本当の意味での「送金」は、規制やルールと密に結合したオペレーションを含む概念です。その送金自体が何にひもづくかや、ルール通りに行われているかなどを確認しなくてはいけない。犯罪組織に関するマネーだったら、止められる機構がないといけない。でもその判断に恣意性はあってはいけない。

レギュレーションと一口に言っても、それを実行するときにはさまざまオペレーションがあるわけです。広い意味での銀行業務としてのルールは、形式化された機能に落とされていない暗黙知的なノウハウにもちゃんとした役割・機能があります。ただ、送金に対してどのようなバリデーション(検証)が行われているかを定義することはとても難しい。難しくなければ、わざわざ送金という機能の実現に大量の投資をしないですよね。それを本当に理解している人がどれだけいるのでしょうか。

また決済に関しても、金融機関は決済リスクを削減するためにさまざまな工夫をしています。決済リスクとは決済が履行されないことで起こるリスクですが、金融機関はそれぞれがネットワーク的に繋がっているので、一つの決済が失敗すると他の銀行に波及して、連鎖的に決済不履行が起こり金融危機に発展してしまうリスクがある。

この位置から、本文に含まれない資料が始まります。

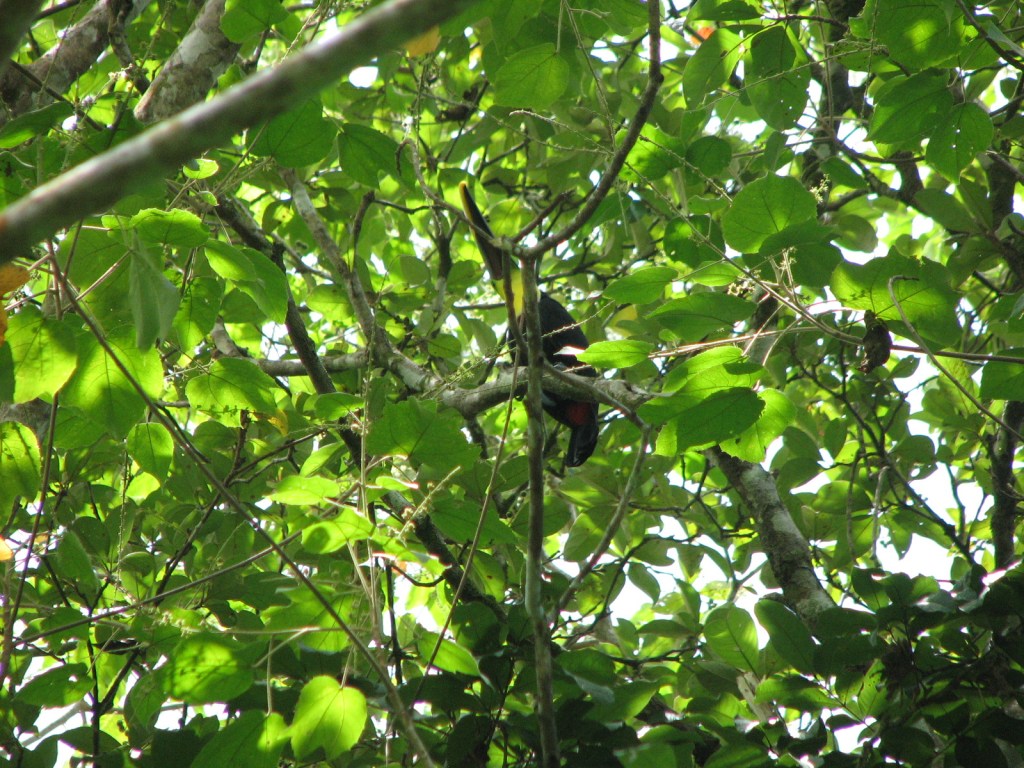 A gringo’s guide to clearing rainforest with a&nbsp;machete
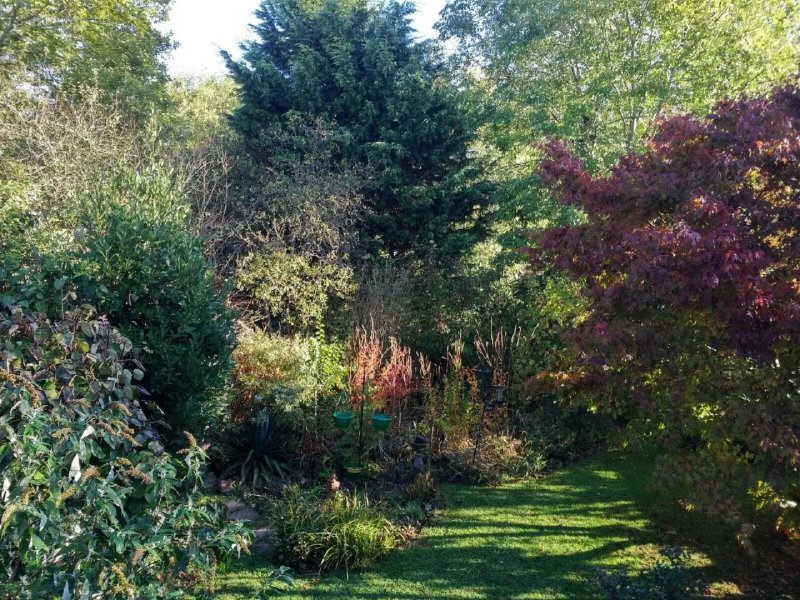Wychwood B&B
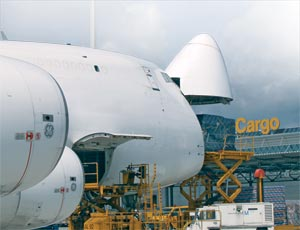 1125415192852 10384195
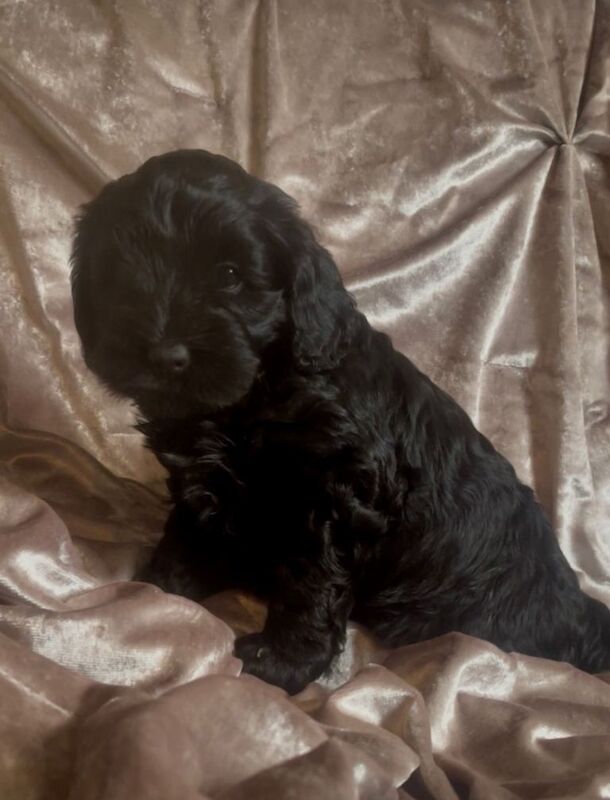 Cockapoo puppy - Image 2 of 3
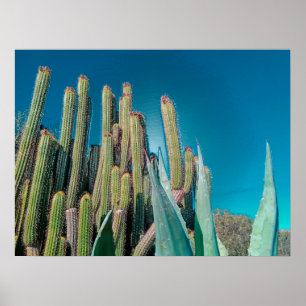 Poster Afrique Désert Cactus Plantes Prickly Pear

このようなシステミックリスクを抑えることも、送金/決済の機能で求められます。ブロックチェーンはいわゆるRTGS(リアルタイム・グロス決済)方式なので決済リスクは低いですが、それをそのまま実装してしまうと、今度は流動性が大量に必要になるという問題が出てくる。その問題に対してどういう実装をすればいいのかという問題について、日銀が出しているレポートや実証実験では議論されています。

こういった話題は世の中からは注目されませんが、金融の仕組みをソフトウェアで実装する、アップデートする際に非常に大切な視点になってくると思います。

LayerX福島CEO

レギュレーションの話になると、マネーロンダリング対策ばかりが議論されがちです。それももちろん正しいのですが、レギュレーションとは、金融機関が守るべき、形式化するのが非常に難しいルールの塊です。形式化されていない部分を、人間が暗黙知的ノウハウでカバーしています。

ブロックチェーンを活用する1つのポイントは、定義しにくかったルールをプログラムに落として、強制履行性をもちながら、しかもある程度共有された台帳で、簡単にルールを書き換えられない状況をどう作るかです。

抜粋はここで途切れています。